Short answer: true implant rejection is rare. Large clinical studies put overall implant failure at roughly 2–10% (depending on the sample and follow-up period), and true “rejection” in the immunological sense is rarer still — most cases patients assume are “rejection” turn out to be other, identifiable and often preventable causes.
What the statistics actually show
- Overall implant success rates across large clinical datasets run 95–98%.
- One recent large-scale registry study reported an overall failure rate of 2.21%, with early failure during osseointegration (the bone-fusion phase) at just 1.56%.
- Ten-year implant survival is estimated at 90–95% — meaning even over the long term, failure affects a clear minority of patients.
That’s not zero risk — but statistically it’s low, and in most cases manageable.
What actually causes an implant to fail
True rejection (an immune reaction to titanium) is extremely rare. Far more often, failure comes down to:
Insufficient bone stability or density.

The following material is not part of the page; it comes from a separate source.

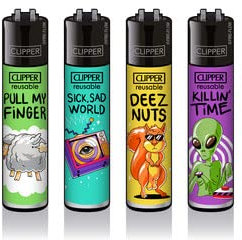 Clipper Classic Large Original Feuerzeug Feuerzeuge New Sommer Summer 2022 Inkl. Gratis Dhobia Clipper (Mix Slogan #4)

If there isn’t enough bone, the implant can’t properly fuse — this is the leading cause of early failure, accounting for up to a third of cases in some studies.
Smoking. Smokers face a 2–3x higher failure rate than non-smokers, because smoking reduces blood flow to the tissue around the implant.
Bruxism (teeth grinding). Patients with bruxism fail significantly more often — one study found 41% versus 12% in patients without the habit — because the excess load interferes with proper healing.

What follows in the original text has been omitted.